Let $A$ be a nonnegative matrix.

The resolvent $R(\lambda) = (\lambda I − A)^{−1}$ is analytic except at its spectrum (the eigenvalues). It must be analytic on the annulus $|λ| > ρ$ and must have at least one singularity somewhere on the spectral radius circle $|λ| = ρ$.

The Neumann series for the resolvent $$R(\lambda) = \sum _{k=1}^{\infty} \frac{A^{k-1}}{\rho^k}$$ will converge down to the first singularity of $R(λ)$.
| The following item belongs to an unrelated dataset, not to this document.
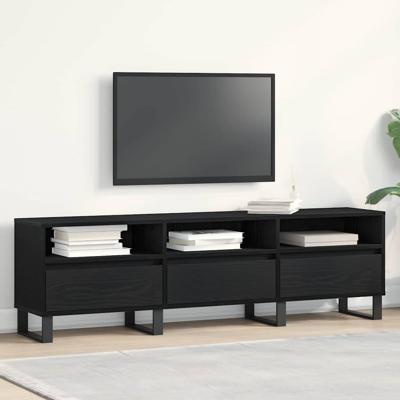 TV-kast Zwart eiken 150 x 30 x 44.5 cm Bewerkt hout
I could not understand the meaning of the last statement. Please explain.

Answer 1

There is a unitary $U$ such that $A=U^*DU$ where $D$ is a diagonal matrix with eigenvalues $\rho = \lambda_1 \ge \lambda_2 \ge \cdots \ge \lambda_k \ge 0$. Then $$ (\lambda I-A)^{-1}=U^*\begin{pmatrix}\frac{1}{\lambda-\lambda_1} & 0 & 0 & \cdots & 0 \\ 0 & \frac{1}{\lambda-\lambda_2} & 0 & \cdots & 0 \\ \vdots & \vdots & \vdots & \ddots & \vdots \\ 0 & 0 & 0 & \cdots & \frac{1}{\lambda-\lambda_n}\end{pmatrix}U. $$ Then, for $|\lambda| > \rho$, you can expand \begin{align} \frac{1}{\lambda-\lambda_k}& = \frac{1}{\lambda}\frac{1}{1-\frac{\lambda_k}{\lambda}}=\sum_{m=0}^{\infty}\frac{\lambda_k^m}{\lambda^{m+1}}. \end{align} So, $$ (\lambda I-A)^{-1}=\sum_{m=0}^{\infty}\frac{1}{\lambda^{m+1}} U^*\begin{pmatrix}\lambda_1^{m} & 0 & 0 & \cdots & 0 \\ 0 & \lambda_2^m & 0 & \cdots & 0 \\ \vdots & \vdots & \vdots & \ddots & \vdots \\ 0 & 0 & 0 & \cdots & \lambda_n^m \end{pmatrix}U, \;\;\; |\lambda| > \rho. $$ This can be written as $$ (\lambda I - A)^{-1}=\sum_{m=0}^{\infty}\frac{1}{\lambda^{m+1}}A^{m}, \;\;\; |\lambda| > \rho. $$